Malgré l’inquiétude croissante du comité du patrimoine mondial de l’Unesco, le gouvernement australien accélère ses plans pour développer les ports de charbon. Les accidents et échouements sont susceptibles d’endommager les coraux et de polluer les eaux. Plus de trafic signifie également davantage de risques de collision avec les baleines qui migrent à travers cette zone.

Blanchissement des coraux

Le blanchissement des coraux est dû au réchauffement climatique causé par la combustion de carburants fossiles, comme le charbon. En effet, lorsque les eaux restent chaudes trop longtemps, les coraux blanchissent et meurent. Le grande barrière a connu, en 2016 et 2017, les plus graves événements de blanchissement jamais enregistrés sur le site.

Pêche et agriculture

Une mauvaise gestion de la pêche accroît la pression sur les espèces menacées du Queensland, parmi lesquelles les dugongs, les tortues et les dauphins côtiers. L’agriculture a également une influence sur les écosystèmes, notamment à cause des pollutions qu’elle génère et qui explique en grand partie le déclin du récif. Elles étouffent les coraux et les lits d’algues en les privant de soleil, rendant les coraux plus vulnérables au blanchiment.

Gouvernance

Les institutions et les systèmes mis en place depuis une génération pour protéger la Grande barrière sont dépassés par le nombre et l’ampleur des problèmes auxquels elle est confrontée. Le parc marin a besoin d'un groupe de défense plus solide pour protéger la zone de l’industrialisation, de la pêche excessive et d’une multitude d’autres menaces.
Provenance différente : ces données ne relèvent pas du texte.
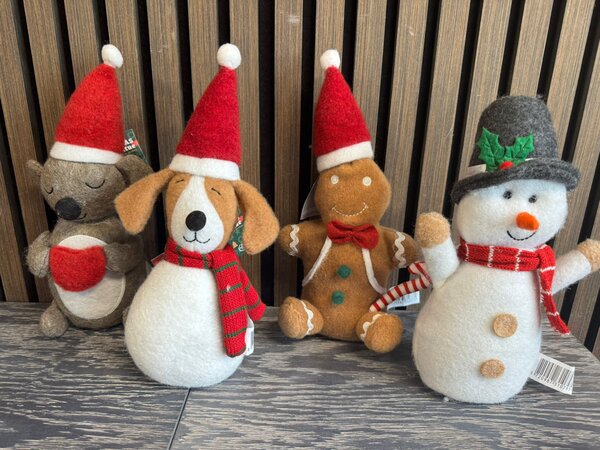 Vánoční dekorace SNOWY FRIENDS 27 cm - více variant Varianta: Gingerbread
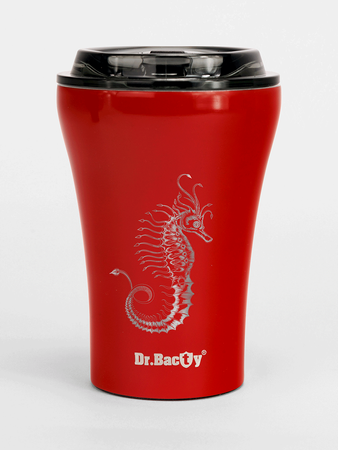 Thermalbecher von Dr.Bacty Apollo Meer - rot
Que fait le WWF pour la Grande barrière de corail ?

L’objectif du WWF Australie est d'enrayer le déclin des espèces et de protéger la santé des écosystèmes dans la Grande barrière de corail, tout en atténuant les conséquences du changement climatique.

Afin d’empêcher que de nouvelles pressions inacceptables s’exercent sur cet écosystème déjà très vulnérable, le WWF, grâce à la campagne « Se battre pour le récif », a obtenu du gouvernement australien l’interdiction de tout dépôt de boues de dragage sur le site de la Grande barrière de corail et l’annulation de la construction de nouveaux ports dans des zones encore intactes de la côte récifale, comme le delta de Fitzroy et le cap York.

Nous avons également interrompu l’expansion de trois méga-ports charbonniers mais nous ne pouvons pas relâcher nos efforts car plusieurs menaces persistent parmi lesquelles le projet d’expansion du port d’Abbot Point, le ruissellement des produits chimiques issus de l’agriculture et le réchauffement climatique.

C’est pourquoi le WWF poursuit ses actions en rappelant au gouvernement australien qu’il est de son devoir de protéger la grande barrière, demande l’arrêt de l'expansion des ports industriels, soutient la mise en œuvre de lois solides pour réduire la pollution des exploitations agricoles et encourage l'investissement dans les énergies renouvelables pour faire baisser la chaleur sur le récif.

Se battre pour le récif

Le grand programme de protection de la Grande barrière de corail « Se battre pour le récif » a été lancé en 2013 et a déjà connu de nombreuses victoires.

Nos projets actifs

Le WWF s’engage activement depuis de nombreuses années pour la conservation de la grande barrière de corail et mène des projets de terrain afin de lutter efficacement contre les pressions qui pèsent sur cette écorégion en danger.

Étudier les migrations des tortues vertes des Chesterfield pour mieux les protéger

Situé au cœur de la mer de Corail, entre la Nouvelle-Calédonie et l’Australie, le plateau des Chesterfield abrite des îlots coralliens isolés du monde jouissant d’une biodiversité exceptionnelle. Lors de l’été austral, ce site abrite notamment des centaines de tortues vertes venues se reproduire à la suite de longues migrations.